Cuando el carruaje salió a la calle, esta seguía tranquila, al igual que Exhibition Road, por la que no tardamos en aventuramos. Los trípodes todavía no habían hecho acto de presencia en Queen's Gate, y eso me supuso un gran alivio, no solo porque reducía el tiempo que nuestros seres queridos quedarían expuestos a ellos, sino porque prefería no volver a tropezarme con las siniestras máquinas marcianas, por mucho que ahora me acompañara el bravo capitán Shackleton. Observé disimuladamente al capitán, que parecía hallarse absorto en sus pensamientos, con una mueca grave anidando en los labios. ¿Qué estaría valorando? ¿Acaso repasaba las tácticas que conocía para decidir cuál era la que mejor se adaptaba a la situación? Resulta increíble lo vulnerables que somos a la sugestión, me dije mientras le contemplaba de soslayo: el hombre que viajaba sentado a mi lado era el mismo individuo insulso que me había producido tanto desagrado apenas unos minutos antes; ahora, en cambio, sabiendo que no era otro que el capitán Shackleton, lo veía como un hombre valeroso y arrojado, cuyo apocamiento había mutado en una serenidad que provocaba en cualquiera que estuviera a su lado el irrefrenable deseo de seguirlo hasta las mismísimas puertas del infierno. Lo que aquel hombre había hecho era milagroso. Yo viajaba junto a una leyenda. Y se trataba de una leyenda armada, pues antes de salir yo había tenido la precaución de tomar prestados tres revólveres de la colección de mi tío: un Colt para él, un Remington para Harold y un Smith & Wesson para mí, así que todos nos dirigíamos a nuestra misión con un arma en el regazo y varias cajas de munición obstruyéndonos los bolsillos de la chaqueta. Era consciente de mi modesto papel de escudero en aquella empresa titánica, pero a pesar de que el miedo me calaba los huesos, recorría mi interior un oleaje de confianza: mi encuentro con Shackleton había sido providencial, pues si yo no lo hubiese convencido, jamás habría asumido que era él quien debía acabar con los marcianos. Y dado que aquello no podía depender de un simple cúmulo de casualidades, comprendí que estábamos siguiendo nuestro destino, que todo lo que estábamos haciendo aparentemente de un modo tan voluntario como improvisado, ya había sido dispuesto por el Creador desde mucho antes de nuestro nacimiento.

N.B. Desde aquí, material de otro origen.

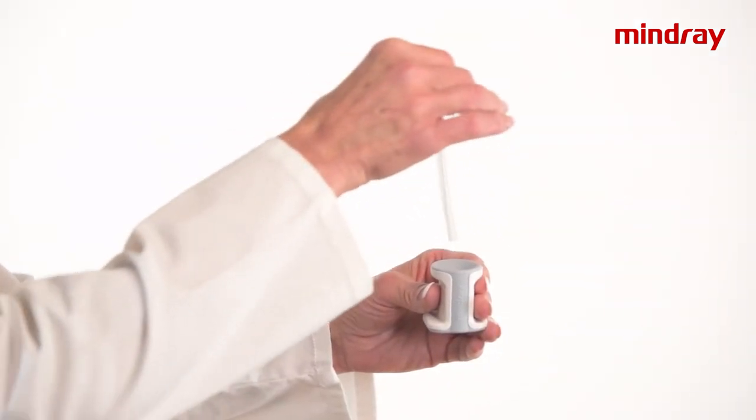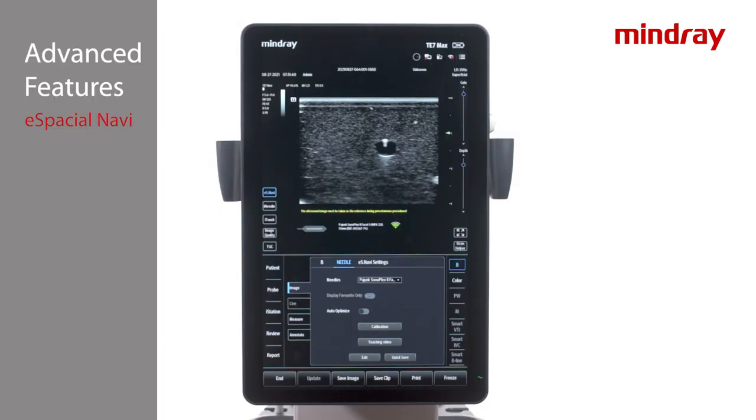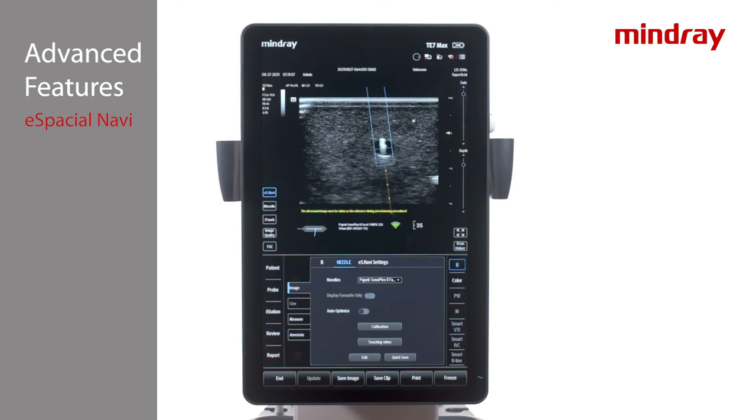Make sure the transducer indicator notch is toward the left of the screen during calibration — the notch correlates to the M on the imaging screen. A message will appear when complete. Magnetize the needle by placing it in the magnetizer with the cap on all the way to the bottom for a second and pull back out. Notice the trajectory or dotted line on the screen before touching the patient with the needle. Blue indicates the needle is crossing the ultrasound beam and light blue is close to the beam.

Con un trote acompasado y cauteloso, el carruaje bordeó Hyde Park y tomó Piccadilly en dirección al Soho. Me alivió descubrir que, de momento, allí todo estaba tranquilo. Se oían continuas explosiones en la distancia, arropadas por el insistente repicar de las campanas, pero parecía que los trípodes se encontraban todavía lejos de aquella zona.

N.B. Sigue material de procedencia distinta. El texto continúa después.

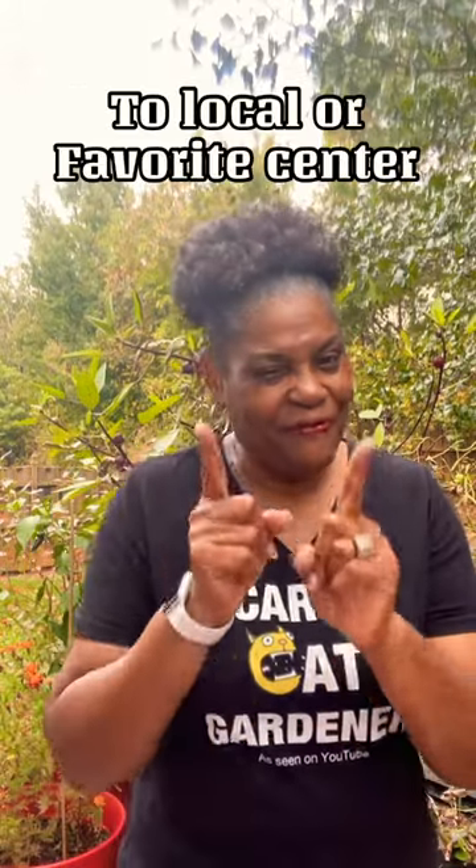Gift cards are wonderful, especially if it's to their local gardening center or their favorite gardening center.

Los londinenses se habían refugiado en sus casas, de modo que las calles estaban casi todas desiertas. Pero al poco de aventurarnos en Shaftesbury Avenue, que permanecía todavía intacta, empezamos a encontrarnos gente corriendo aterrada en sentido contrario. Era la misma argamasa social que me había arrastrado en mi huida hacia el Támesis, mendigos harapientos barajados con caballeros pudientes, todos ellos hermanados por una mueca de pavor idéntica. A través de las ventanillas, observamos que algunas de las personas que avanzaban intentando no ser arrolladas por los carros y demás vehículos que huían en su misma dirección, lucían manchas de sangre en algunas partes de su indumentaria. Era evidente que nos dirigíamos al encuentro de un trípode. Musité una maldición, e intenté vislumbrar alguna calle lateral por la que pudiésemos escabullirnos, pero todas parecían obstruidas de cascotes o de coágulos de gente desorientada. No teníamos más opción que continuar por Shaftesbury Avenue, en dirección al trípode, aunque eso no amedrentó a Harold, que continuó azuzando a los caballos, al tiempo que esquivaba con dificultad a los numerosos carruajes que nos encontrábamos de cara. Contemplé cómo Shackleton empezaba a tensarse a medida que el estruendo se hacía más evidente, y eso provocó que también yo me irguiera sobre el asiento, agarrando con fuerza la culata de mi revólver mientras sentía el corazón latiendo desbocado contra mi pecho. Al contrario que ellos, yo ya había sido testigo del poder de los marcianos, y dudaba que pudiéramos salir con vida del encuentro al que tan inexorablemente nos dirigíamos.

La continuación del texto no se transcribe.